At 208, after the hand brake is set, OBU 102 may check the air brakes (e.g., as described above with respect to step 204). OBU 102 may periodically and/or continuously check the air brakes until the log-off procedure is complete to safeguard against malfunction. If the hand brakes malfunction, active air brakes can keep the train from moving until alternate brakes can be activated.

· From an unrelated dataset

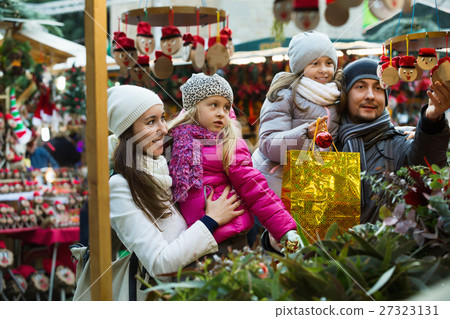 Smiling cheerful family of four buying Caga Tio. Focus on woman 27323131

At 210, if no alerts have been generated or if all alerts have been cleared as described above, OBU 102 may complete the log-off procedure. The log-off procedure may include powering down one or more train systems to place the train in a secure shutdown state. For example, because OBU 102 has determined the hand brake is set, it may be safe to power down the compressor maintaining air pressure in the air braking system, and OBU 102 may do so. As part of PTC, OBU 102 may report progress on log-off functions to a back office server (BOS). BOS may monitor these log-off functions in real-time. BOS monitoring may provide external supervision of the locomotive and crew actions within railroad operation centers. At 212, with the trip or shift completed, the operator may leave the train safely, and the train may be in a secure shutdown state.

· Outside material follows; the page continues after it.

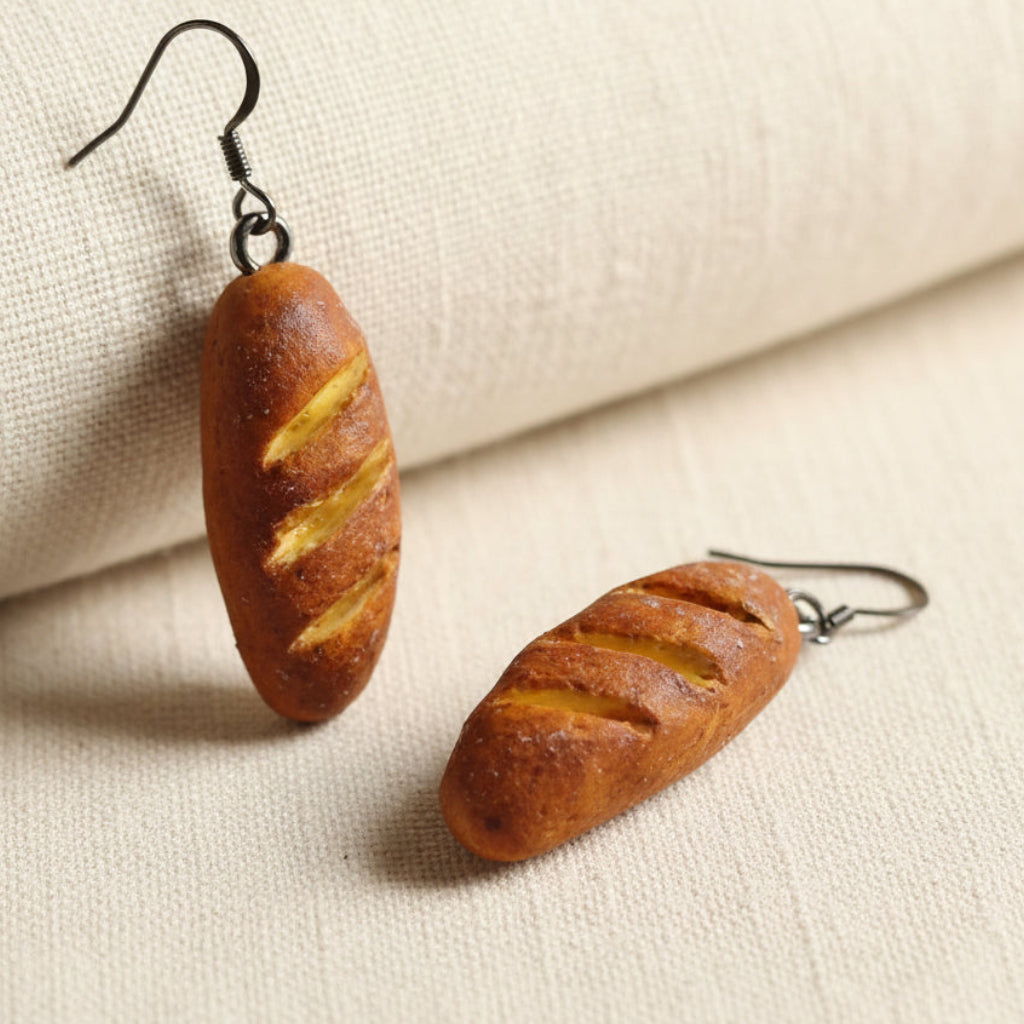 Loaf-shaped earrings on a beige fabric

FIG. 3 is a train system state diagram 300 according to an embodiment of the invention. State diagram 300 illustrates battery voltage monitoring that may be performed by OBU 102 when a train's engine has been shut down. For example, when the train is in a secure shutdown state 304, OBU 102 may periodically or continuously perform a PTC supervision check 302 to determine whether the shutdown state remains secure. During the supervision check 302, OBU 102 may check whether the hand brake is set 308 (e.g., according to process 206 described above). OBU 102 may check whether the air pressure for the air brakes is at an appropriate level 310 (e.g., according to process 204 described above). OBU 102 may check whether battery voltage is above a threshold level 312. For example, the train may require an adequately-charged battery to power OBU 102 to perform future supervision checks 302 and/or to test/operate equipment such as the hand brake. If any of these checks indicate an unsafe condition (e.g., battery low, hand brake not set and air pressure below threshold level), OBU 102 may determine that an alert condition is present and may report the alert condition 306 (e.g., through HMI 104 and/or by activating alarm 112). While various embodiments have been described above, it should be understood that they have been presented by way of example and not limitation. It will be apparent to persons skilled in the relevant art(s) that various changes in form and detail can be made therein without departing from the spirit and scope. In fact, after reading the above description, it will be apparent to one skilled in the relevant art(s) how to implement alternative embodiments.

In addition, it should be understood that any figures which highlight the functionality and advantages are presented for example purposes only. The disclosed methodology and system are each sufficiently flexible and configurable such that they may be utilized in ways other than that shown.

Although the term "at least one" may often be used in the specification, claims and drawings, the terms "a", "an", "the", "said", etc. also signify "at least one" or "the at least one" in the specification, claims and drawings.

Finally, it is the applicant's intent that only claims that include the express language "means for" or "step for" be interpreted under 35 U.S. C. 112(f). Claims that do not expressly include the phrase "means for" or "step for" are not to be interpreted under 35 U.S.C. 112(f).